Yeah it was Alien Autopsy!


----------



## Nesacat

*Re: Name that Tagline!*

Roswell meets the British ... was a silly movie. Thanks Mouse. 

It will scare you to your very soul.


----------



## j d worthington

*Re: Name that Tagline!*

Arrrgh... I really stink at these things, but this one sounds soooo familiar... hmmm....

The Exorcist?


----------



## Nesacat

*Re: Name that Tagline!*

Sorry but it's not that one.


----------



## j d worthington

*Re: Name that Tagline!*

Here we go again... it's the title that keeps coming to mind, but I'm figuring I'm way off beam here:

Phantasm


----------



## Nesacat

*Re: Name that Tagline!*

It's not Phantasm either. Sorry.


----------



## Roboripper

*Re: Name that Tagline!*

Hellraiser?


----------



## Nesacat

*Re: Name that Tagline!*

I'm sorry. It's not.


----------



## j d worthington

*Re: Name that Tagline!*

Yeesh! I should have thought of this before, considering how we've talked about this film in the past:

Angel Heart...


----------



## Nesacat

*Re: Name that Tagline!*

And yes ... that's the movie.  Your go now.


----------



## j d worthington

*Re: Name that Tagline!*

Thank you. Hmmm. The one that comes to mind is:

"Man is the warmest place to hide"


----------



## Nesacat

*Re: Name that Tagline!*

The Thing.


----------



## j d worthington

*Re: Name that Tagline!*

Well, that one proved a real stumper... a whole 2-1/2 minutes.... Next time I'm going to have to go for something _really_ obscure to stump you, Cat...

Your turn


----------



## Nesacat

*Re: Name that Tagline!*

Thanks j.d. I love that movie ... a visual treat and very frightening.

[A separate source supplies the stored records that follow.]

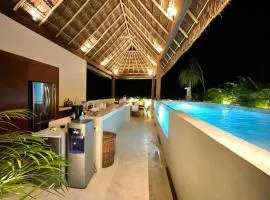 Villa 240m2 - 16 persons - 6 rooms - 2 swimming Pool - 3 Jacuzzis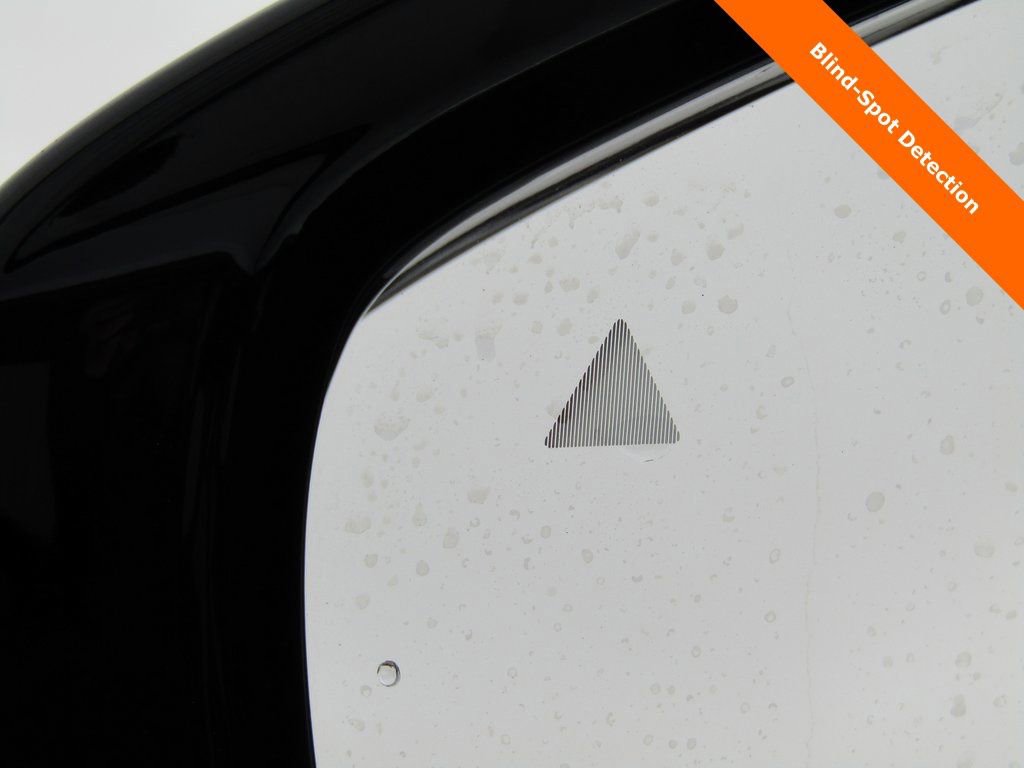 New 2026 Chrysler Pacifica Limited w/ S Appearance Package image 9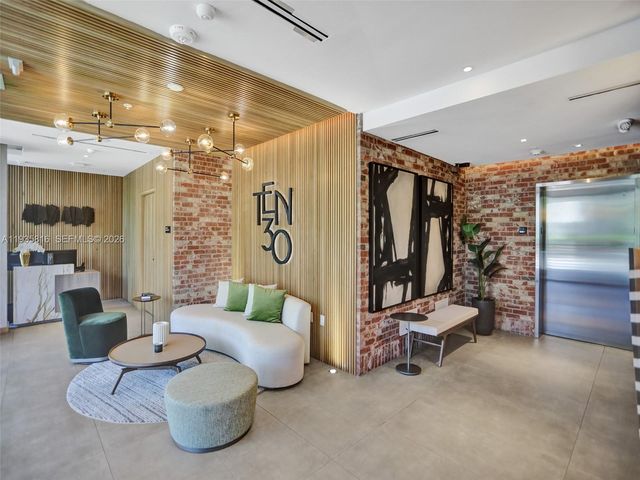 1030 15th St PH5, Miami Beach, FL 33139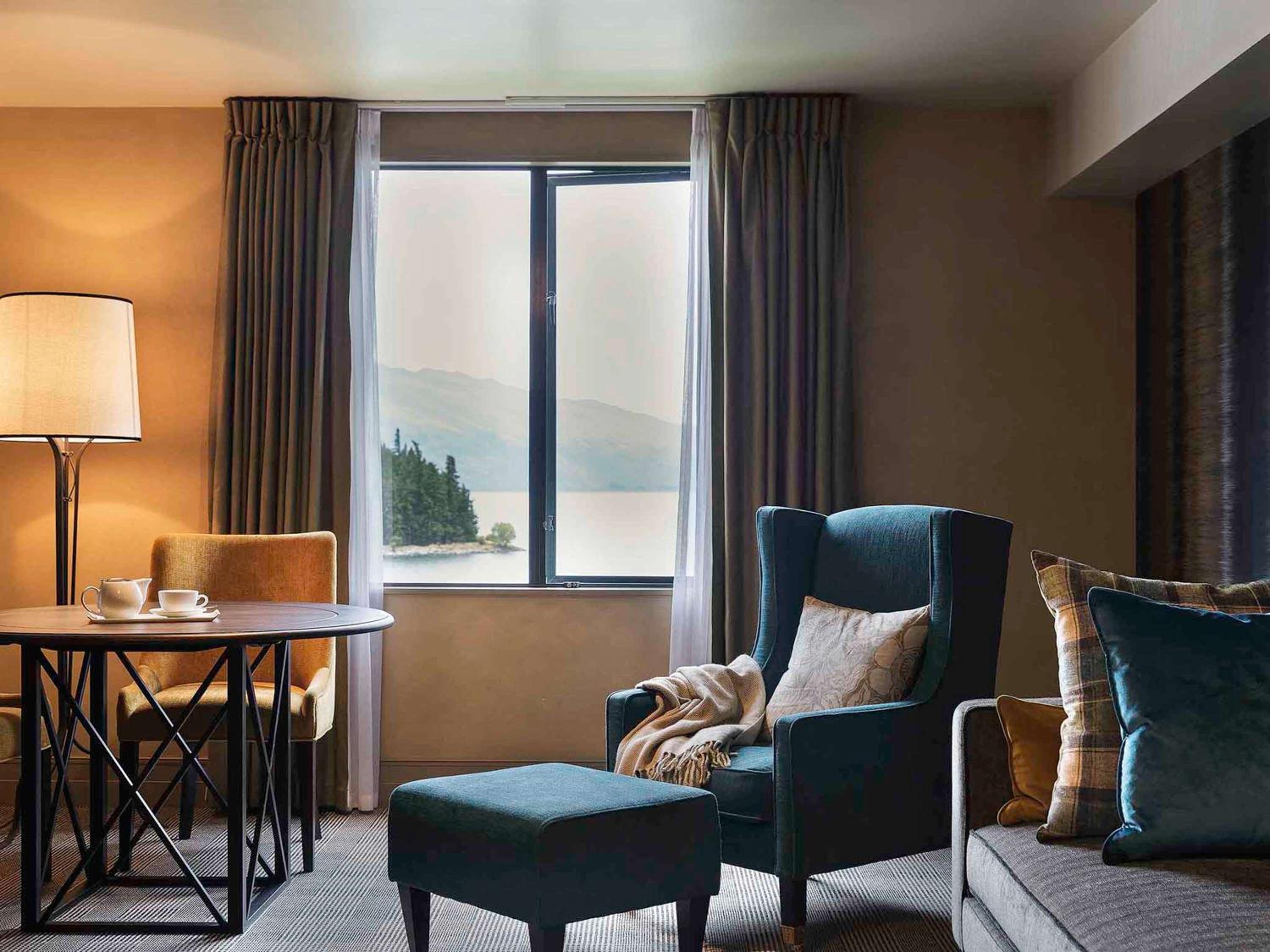 One-Bedroom King Suite with Lake View - Photo 14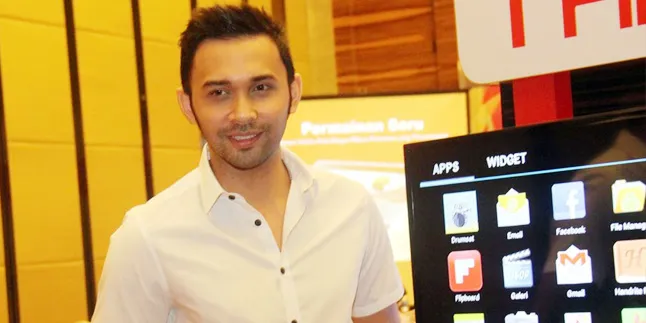 Teuku Zacky, Gadget Freak Yang Tak Update Teuku Zacky, Gadget Freak Yang Tak Update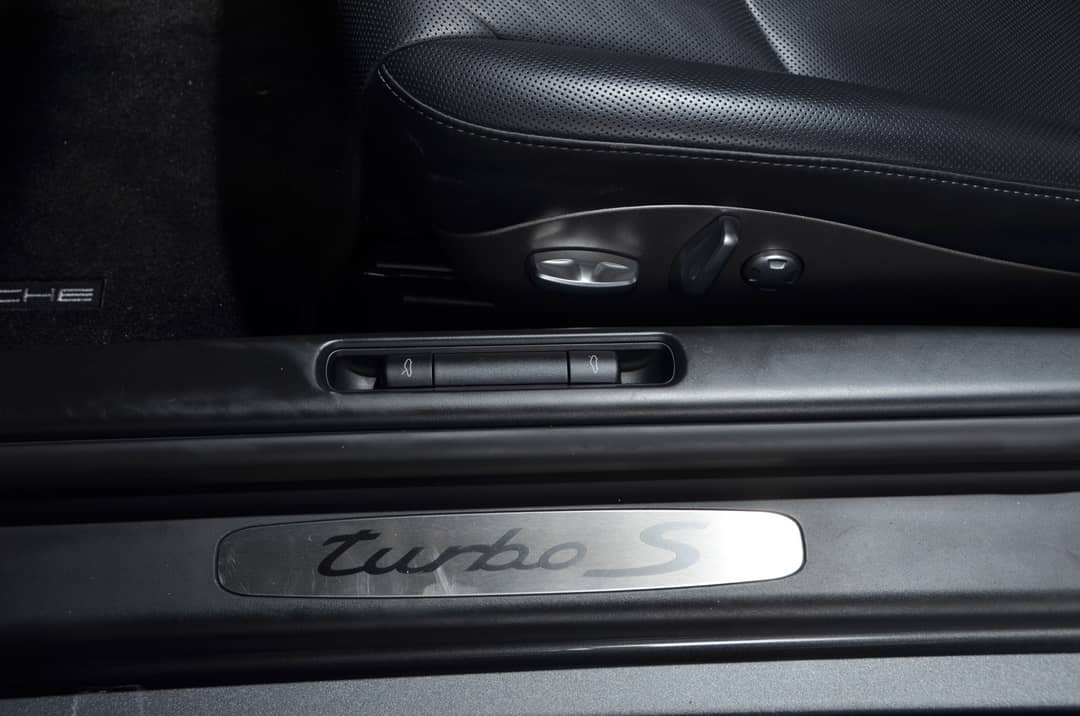 2013 Porsche 911 Turbo S — photo 32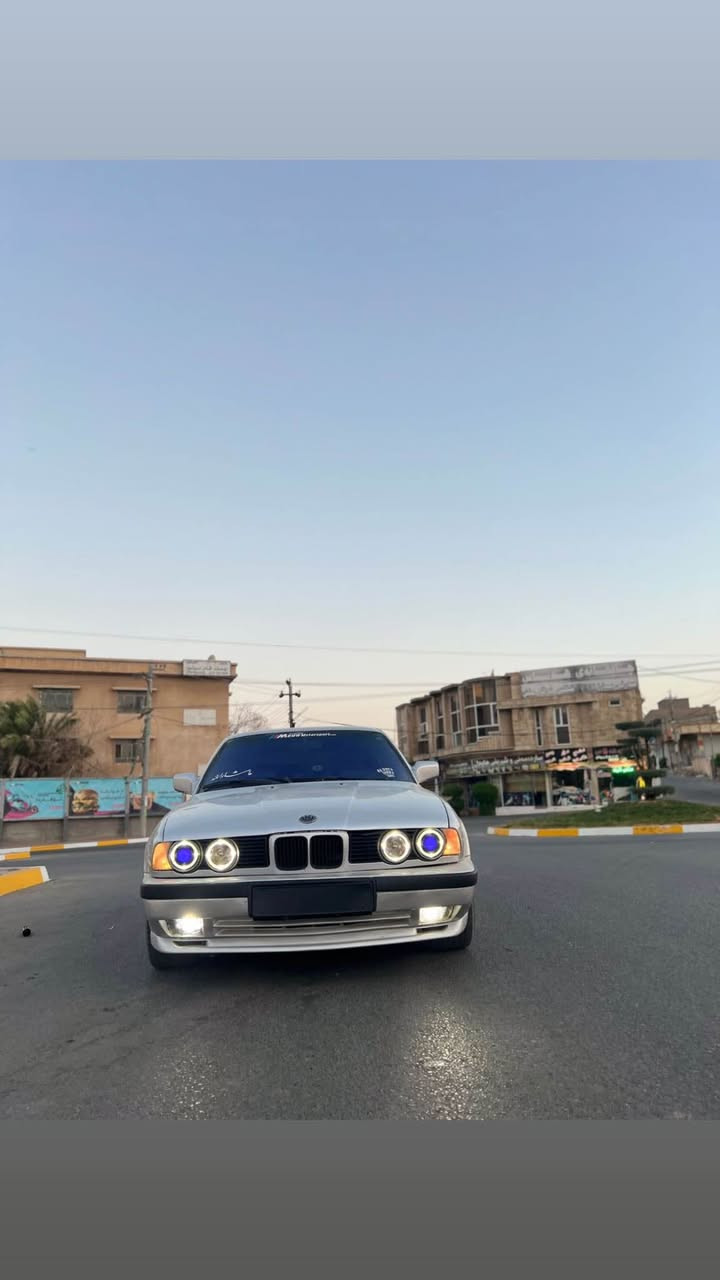 سەرەتا بەنوای خوای گەورە BMW مۆدێل ١٩٩١ ئاڕم پلاستیک ئاڕم و ئەوەلیات بەشەرت ٥٢٠ گێڕ عادی دوجام کارەبایی تەبرید سارد و گەرم بەشەرت لە جێوە ئیشی پێ بکە سەیارەکە تازە کورە کراوە یەک جەمپی پێشەوە لای سەکنی هەیە تەقەو ڕەقە هەموو گیانی بەشەرت 

*********** كويسينجاك, أربيل
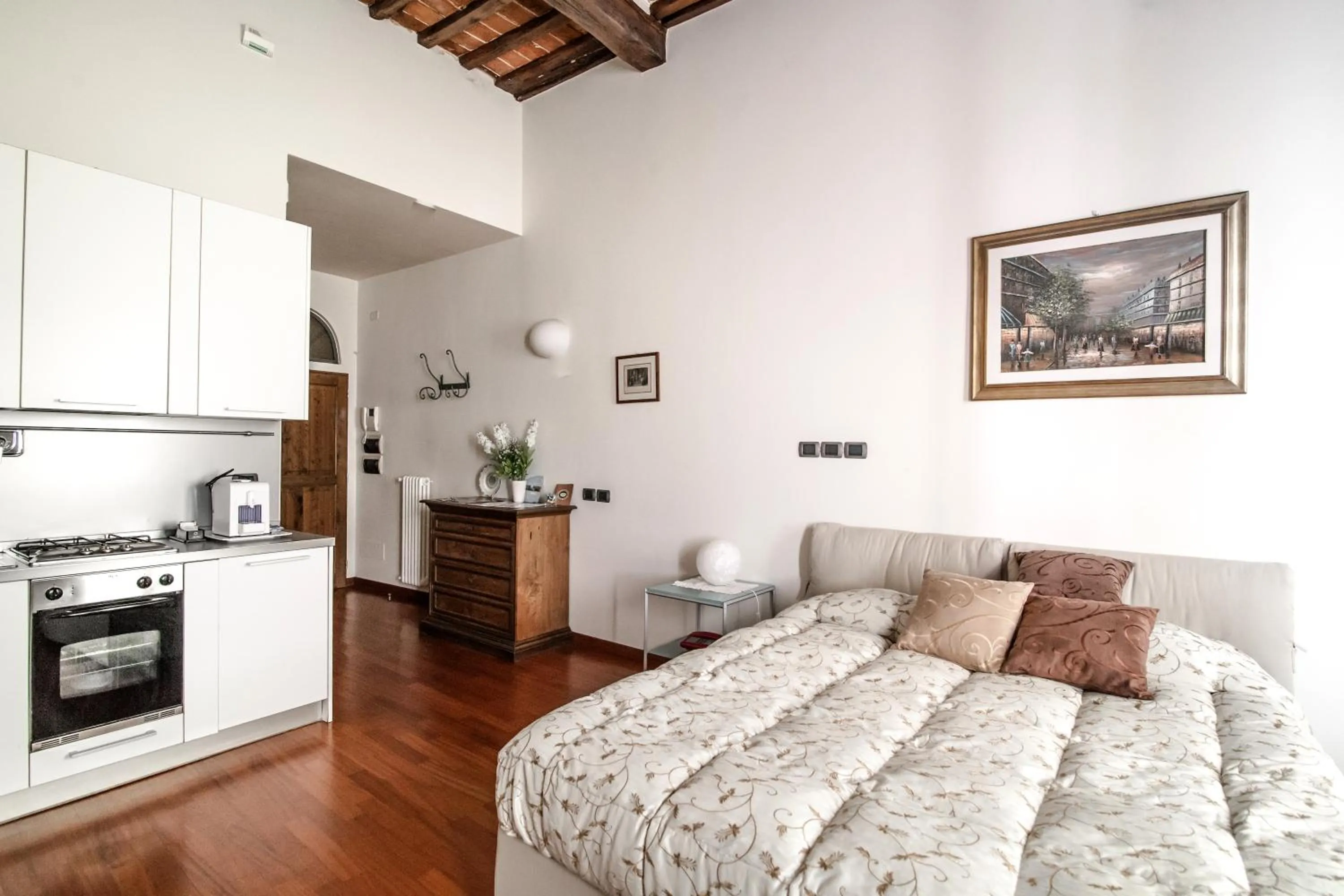 Kitchen or kitchenette in La Corte Del Re Suite & Rooms Arezzo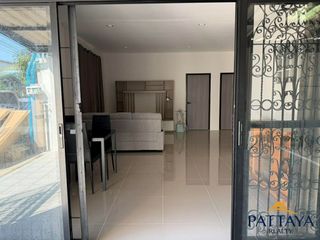 Haus zur Miete mit 2 Zimmer in Bang Lamung, Chonburi
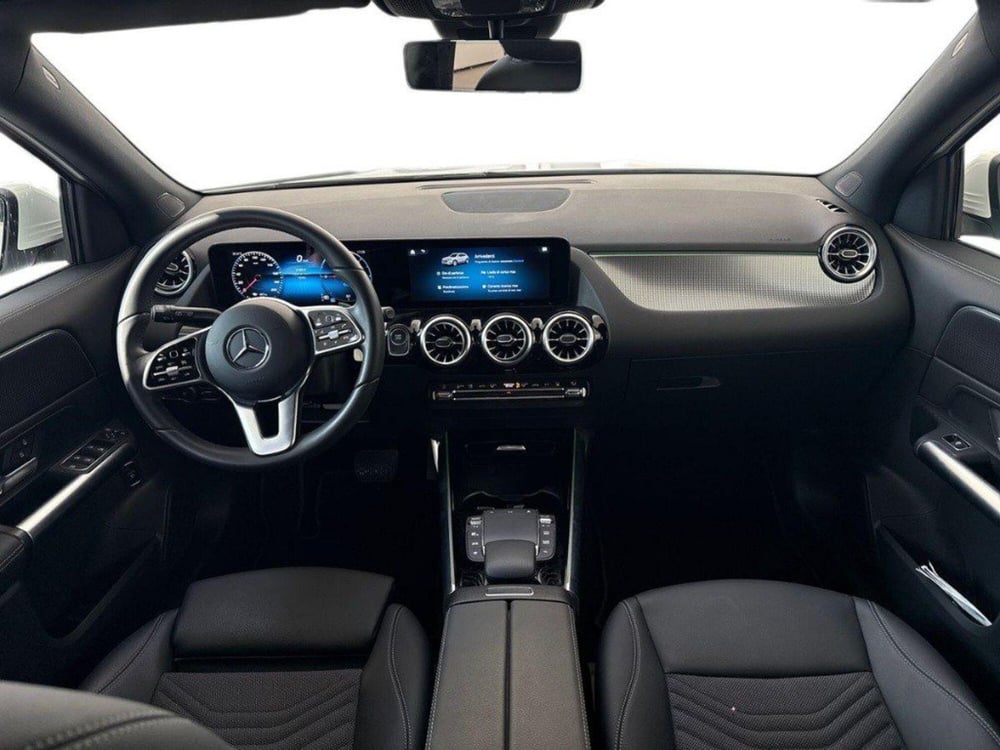 Mercedes-Benz EQA usata a Macerata (9)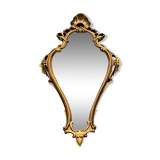 Vintage shell mirror in gold plaster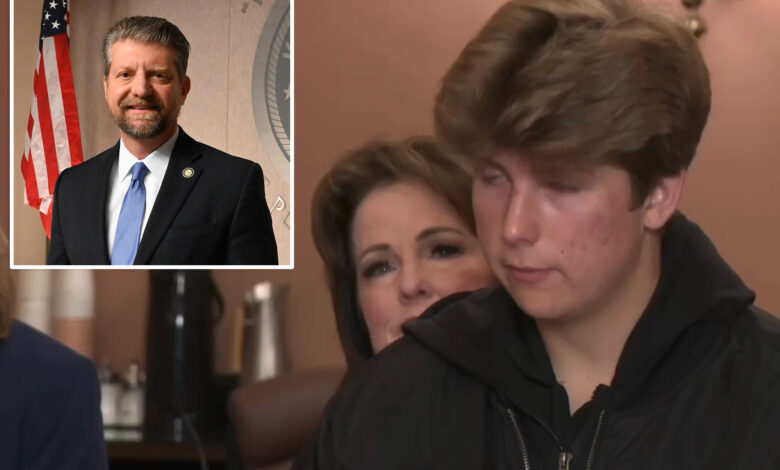 Син се окреће против свог оца посланика јер је користио „Епштајнову рупу“ да би избегао затвор због наводног додиривања деце: „Необјашњива траума“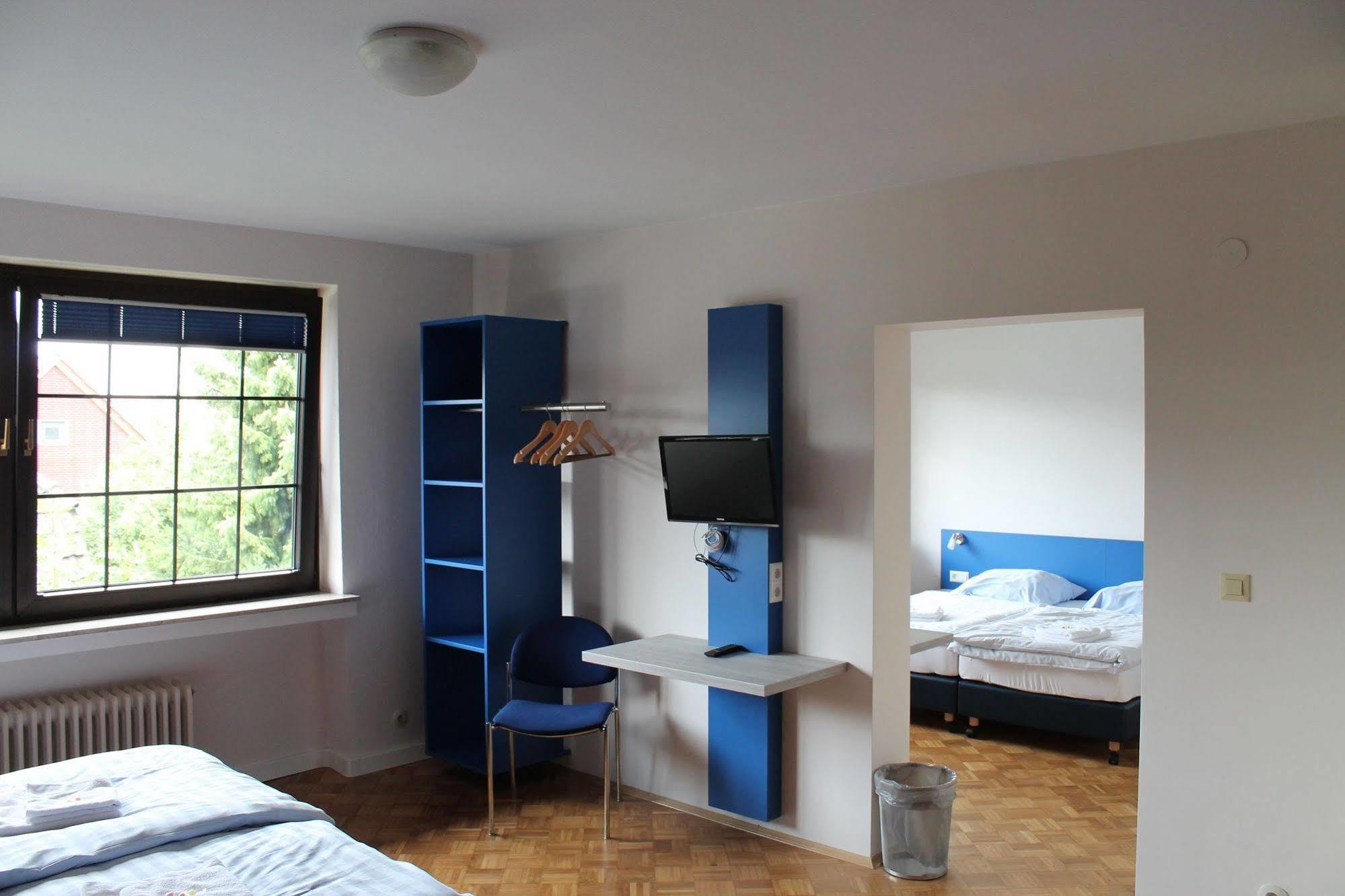 Smart Hostel By Landgasthof Velber 24H7D Seelze Exterior photo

All work and no play makes Jack a dull boy...


----------



## j d worthington

*Re: Name that Tagline!*

The Shining?


----------



## Nesacat

*Re: Name that Tagline!*

And that's the right answer. Your go.


----------



## j d worthington

*Re: Name that Tagline!*

"He's the hero. That's right. The hero."


----------



## Nesacat

*Re: Name that Tagline!*

The Rocky Horror Picture Show


----------



## j d worthington

*Re: Name that Tagline!*

Correct, Cat... your turn.


----------



## Nesacat

*Re: Name that Tagline!*

Thanks. 

It's as real as the feelings you feel


----------



## Nathaniel Whaler

*Re: Name that Tagline!*

The Princess Bride ?


----------



## Nesacat

*Re: Name that Tagline!*

Aye it is. Your go Nathaniel


----------



## Nathaniel Whaler

*Re: Name that Tagline!*

"Oh boy"


----------



## Paige Turner

*Re: Name that Tagline!*



			
				Nathaniel Whaler said:
			
		

> "Oh boy"


About a Boy


----------



## Nathaniel Whaler

*Re: Name that Tagline!*



			
				Paige Turner said:
			
		

> About a Boy


Actually that was not what I was thinking about.


----------



## Paige Turner

*Re: Name that Tagline!*

A Boy and His Dog!

The Boys from Brazil!


----------



## Nathaniel Whaler

*Re: Name that Tagline!*

Ok I think I might have stretched the rules a bit. Not sure though. It is from a series on tv.  Is that ok?


----------



## j d worthington

*Re: Name that Tagline!*

I'm not quite sure... The first post does say movie, but I'm not mod for this area... So we'll have to wait until either someone guesses, or the mod for this area answers... but I think it'd be better to avoid doing so from now on.


----------



## Nesacat

*Re: Name that Tagline!*

Quantum Leap?


----------



## Nathaniel Whaler

*Re: Name that Tagline!*



			
				Nesacat said:
			
		

> Quantum Leap?


Yes that is correct.


----------



## Nesacat

*Re: Name that Tagline!*

Thanks Nathaniel 

The fairy tale is over


----------



## Winters_Sorrow

*Re: Name that Tagline!*

Brothers Grimm?


----------



## Nesacat

*Re: Name that Tagline!*

Close but not quite. Sorry.


----------



## j d worthington

*Re: Name that Tagline!*

Snow White: A Tale of Terror (a.k.a. The Grimm Brothers' Snow White)


----------



## Nesacat

*Re: Name that Tagline!*

That's right. Your go.


----------



## j d worthington

*Re: Name that Tagline!*

You may not believe in ghosts, but you cannot deny terror.


----------



## Winters_Sorrow

*Re: Name that Tagline!*

The Haunting?


----------



## BookStop

*Re: Name that Tagline!*

13 Ghosts?


----------



## Paige Turner

*Re: Name that Tagline!*

Free Willy?


----------



## BookStop

*Re: Name that Tagline!*



			
				Paige Turner said:
			
		

> Free Willy?


 
Hahaha


----------



## j d worthington

*Re: Name that Tagline!*

Correct, WS; Robert Wise's 1963 classic film, *The Haunting*. Your go.


----------



## Winters_Sorrow

*Re: Name that Tagline!*

A Comedy of Invention


----------



## Winters_Sorrow

*Re: Name that Tagline!*

It seems a hint may be needed so here's another tagline used for the same film.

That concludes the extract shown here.